Go's Work Stealing Scheduler

By Jaana B. Dogan (speaker) on November 6, 2017

Go scheduler’s job is to distribute runnable goroutines over multiple worker OS threads that runs on one or more processors. With its work stealing strategy and spinning threads, it does a lot to minimize context switches and aim better CPU utilization. This talk will a dive into the runtime scheduler and all the additional flavors it implements to make your programs more performant.

--

Note: This post was live-blogged at dotGo 2017. Let us know on Twitter (@srcgraph) if we missed anything. All content is from the talk; any mistakes or misrepresentations are our fault, not the speaker's.

--

The runtime scheduler picks which goroutine to runs, which threads they run on as well as which CPUs the threads run on. In Go we don't deal with the processor or the threads, the runtime does it for us. We instead just deal with goroutines. This talk is about how the runtime does the scheduling for us.

The scheduler is called an M:N scheduler. M goroutines need to be scheduled on to N OS threads that run on available processors. At anytime there are multiples cores running a small pool of threads which are running goroutines.

The scheduler does its job via moving goroutines from a global runnable queue onto an available thread. There is also not runnable goroutine queue for goroutines that are not ready to run (I/O, etc).
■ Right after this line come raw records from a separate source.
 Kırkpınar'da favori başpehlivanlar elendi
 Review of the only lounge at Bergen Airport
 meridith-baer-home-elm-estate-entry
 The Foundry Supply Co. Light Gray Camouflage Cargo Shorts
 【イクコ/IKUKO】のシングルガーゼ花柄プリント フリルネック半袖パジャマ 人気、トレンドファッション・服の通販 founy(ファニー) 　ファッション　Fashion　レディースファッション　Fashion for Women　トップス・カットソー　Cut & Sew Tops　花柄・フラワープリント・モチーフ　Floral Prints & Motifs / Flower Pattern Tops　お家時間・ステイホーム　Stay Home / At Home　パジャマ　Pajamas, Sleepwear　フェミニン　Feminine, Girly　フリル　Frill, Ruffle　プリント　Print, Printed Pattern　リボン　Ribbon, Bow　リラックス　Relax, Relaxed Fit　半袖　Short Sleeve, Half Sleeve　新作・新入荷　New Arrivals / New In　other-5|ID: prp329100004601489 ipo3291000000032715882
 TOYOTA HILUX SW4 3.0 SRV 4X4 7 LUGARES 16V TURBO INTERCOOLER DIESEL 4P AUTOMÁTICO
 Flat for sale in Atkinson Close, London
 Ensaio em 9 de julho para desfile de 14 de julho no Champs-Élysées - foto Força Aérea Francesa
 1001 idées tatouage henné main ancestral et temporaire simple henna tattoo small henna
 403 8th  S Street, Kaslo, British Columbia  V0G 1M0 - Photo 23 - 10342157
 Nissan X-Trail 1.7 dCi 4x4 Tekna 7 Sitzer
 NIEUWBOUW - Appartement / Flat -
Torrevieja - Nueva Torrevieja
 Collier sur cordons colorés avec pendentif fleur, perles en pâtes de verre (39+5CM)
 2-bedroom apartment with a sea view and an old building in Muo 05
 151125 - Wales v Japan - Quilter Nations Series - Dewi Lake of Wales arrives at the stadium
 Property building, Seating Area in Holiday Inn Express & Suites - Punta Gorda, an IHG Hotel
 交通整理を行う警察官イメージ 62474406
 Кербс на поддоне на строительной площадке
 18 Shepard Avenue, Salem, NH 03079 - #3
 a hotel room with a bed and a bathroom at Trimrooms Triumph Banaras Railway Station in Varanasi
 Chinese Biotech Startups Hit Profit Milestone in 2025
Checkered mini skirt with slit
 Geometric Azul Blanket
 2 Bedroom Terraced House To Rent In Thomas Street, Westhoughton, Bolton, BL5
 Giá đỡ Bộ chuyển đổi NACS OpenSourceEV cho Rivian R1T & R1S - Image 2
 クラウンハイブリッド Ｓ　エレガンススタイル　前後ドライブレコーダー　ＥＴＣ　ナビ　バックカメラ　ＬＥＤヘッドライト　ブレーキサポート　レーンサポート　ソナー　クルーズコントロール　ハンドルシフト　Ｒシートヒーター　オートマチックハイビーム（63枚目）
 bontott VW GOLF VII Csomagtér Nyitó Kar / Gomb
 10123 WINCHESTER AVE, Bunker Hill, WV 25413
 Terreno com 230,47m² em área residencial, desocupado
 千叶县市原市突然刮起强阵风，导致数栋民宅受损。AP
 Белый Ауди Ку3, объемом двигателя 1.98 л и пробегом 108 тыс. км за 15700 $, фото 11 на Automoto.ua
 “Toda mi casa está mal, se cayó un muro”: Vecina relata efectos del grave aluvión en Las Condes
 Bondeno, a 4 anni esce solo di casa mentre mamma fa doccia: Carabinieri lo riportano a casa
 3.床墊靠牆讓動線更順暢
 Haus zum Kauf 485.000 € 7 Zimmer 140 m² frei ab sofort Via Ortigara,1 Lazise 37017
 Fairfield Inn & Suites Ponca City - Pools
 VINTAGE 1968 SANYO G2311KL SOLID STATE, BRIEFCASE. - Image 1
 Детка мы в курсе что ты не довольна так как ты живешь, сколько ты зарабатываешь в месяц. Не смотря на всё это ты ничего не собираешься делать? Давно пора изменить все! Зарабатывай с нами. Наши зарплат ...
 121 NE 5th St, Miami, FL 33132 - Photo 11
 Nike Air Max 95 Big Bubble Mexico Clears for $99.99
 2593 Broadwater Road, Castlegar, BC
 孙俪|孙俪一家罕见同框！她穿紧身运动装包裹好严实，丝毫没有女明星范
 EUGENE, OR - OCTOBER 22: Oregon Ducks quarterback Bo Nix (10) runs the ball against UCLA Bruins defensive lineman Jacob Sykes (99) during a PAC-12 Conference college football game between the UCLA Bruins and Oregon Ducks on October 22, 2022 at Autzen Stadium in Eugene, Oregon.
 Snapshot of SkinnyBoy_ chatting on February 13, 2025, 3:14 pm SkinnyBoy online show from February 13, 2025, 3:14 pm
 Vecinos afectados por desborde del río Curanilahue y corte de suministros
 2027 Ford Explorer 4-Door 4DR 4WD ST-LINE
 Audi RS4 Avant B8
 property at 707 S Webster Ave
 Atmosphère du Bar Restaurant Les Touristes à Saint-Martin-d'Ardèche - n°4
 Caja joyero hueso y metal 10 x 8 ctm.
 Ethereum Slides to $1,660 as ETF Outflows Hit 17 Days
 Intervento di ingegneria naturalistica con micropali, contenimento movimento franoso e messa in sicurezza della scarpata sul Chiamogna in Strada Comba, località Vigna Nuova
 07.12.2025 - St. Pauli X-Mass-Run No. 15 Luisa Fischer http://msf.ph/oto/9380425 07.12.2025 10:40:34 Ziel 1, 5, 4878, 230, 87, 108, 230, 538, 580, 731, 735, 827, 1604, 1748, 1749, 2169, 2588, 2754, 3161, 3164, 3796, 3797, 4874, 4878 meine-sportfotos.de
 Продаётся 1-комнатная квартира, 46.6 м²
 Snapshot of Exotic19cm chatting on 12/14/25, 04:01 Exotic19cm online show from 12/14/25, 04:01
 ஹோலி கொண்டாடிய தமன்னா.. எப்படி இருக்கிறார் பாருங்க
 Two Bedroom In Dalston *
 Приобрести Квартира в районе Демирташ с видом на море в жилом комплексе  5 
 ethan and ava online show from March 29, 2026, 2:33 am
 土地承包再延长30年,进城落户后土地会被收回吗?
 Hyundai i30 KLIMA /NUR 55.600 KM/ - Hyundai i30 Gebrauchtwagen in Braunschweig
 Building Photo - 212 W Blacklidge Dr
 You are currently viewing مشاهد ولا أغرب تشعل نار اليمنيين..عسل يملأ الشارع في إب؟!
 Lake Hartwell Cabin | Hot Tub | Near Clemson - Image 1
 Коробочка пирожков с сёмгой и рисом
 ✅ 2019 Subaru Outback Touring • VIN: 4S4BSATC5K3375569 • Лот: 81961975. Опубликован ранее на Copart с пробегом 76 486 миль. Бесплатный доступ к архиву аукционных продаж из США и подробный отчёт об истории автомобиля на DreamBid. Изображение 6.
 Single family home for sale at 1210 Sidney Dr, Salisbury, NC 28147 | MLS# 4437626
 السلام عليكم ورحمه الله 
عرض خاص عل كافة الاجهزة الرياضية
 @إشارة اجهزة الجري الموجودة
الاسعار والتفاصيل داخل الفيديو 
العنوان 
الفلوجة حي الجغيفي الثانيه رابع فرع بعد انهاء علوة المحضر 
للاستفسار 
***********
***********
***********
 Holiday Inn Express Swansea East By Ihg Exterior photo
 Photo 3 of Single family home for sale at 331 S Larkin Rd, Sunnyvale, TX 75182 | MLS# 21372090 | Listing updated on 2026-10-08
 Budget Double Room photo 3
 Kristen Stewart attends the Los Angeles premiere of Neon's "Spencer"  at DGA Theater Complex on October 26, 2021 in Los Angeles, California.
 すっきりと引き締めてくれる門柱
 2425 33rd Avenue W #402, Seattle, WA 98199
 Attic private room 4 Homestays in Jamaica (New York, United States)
The objective of the scheduler is to utilize the threads with runnable goroutines so the processor do as much work as possible.

The scheduler runs into two big problems: Mutating the global run queue requires holding a global lock. Go is also often used to write blocking I/O heavy programs. The constant pre-emption of OS threads has significant overhead. To mitigate the first problem the runtime switched to a model which depends less on the global queue. They also avoid context switches by doing spinning to prevent thread pre-emption.

As part of depending less on the global run queue the scheduler became a work stealing scheduler:

  • Work sharing: After creation of new threads, a process attempts to migrate some of them to the other processors.
  • Work stealing: An underutilized processor actively looks for other process's threads and steal some.

For the stealing model each processor has a local queue. Rather than looking at the global queue, it will rather try to steal from another processor's queue. Most of the strategy can be read in the runtime.schedule function proc.go. The main challenge of a general purpose scheduler is to improve perf both for high throughput and I/O bounded programs.

More about spinning: The runtime prefers to burn some CPU cycles rather than preemption of the thread. There are three states that a thread can be spinning:

  1. A thread is running but no goroutines, will search for runnable go routines.
  2. Thread is spinning when it is not on a processor.
  3. When readying a goroutine we will unpark a thread onto an idle processor.

Best way to understand the scheduling events is to use go tool trace. If you look at your output of go tool trace and there is too much whitespace/gaps that is where the processor is not utilized. So that means you may be able to change your program to better utilize the available processors.

Learning more about the runtime internals gives you more confidence in the schedular and what it does. This is useful since we all rely on the scheduler.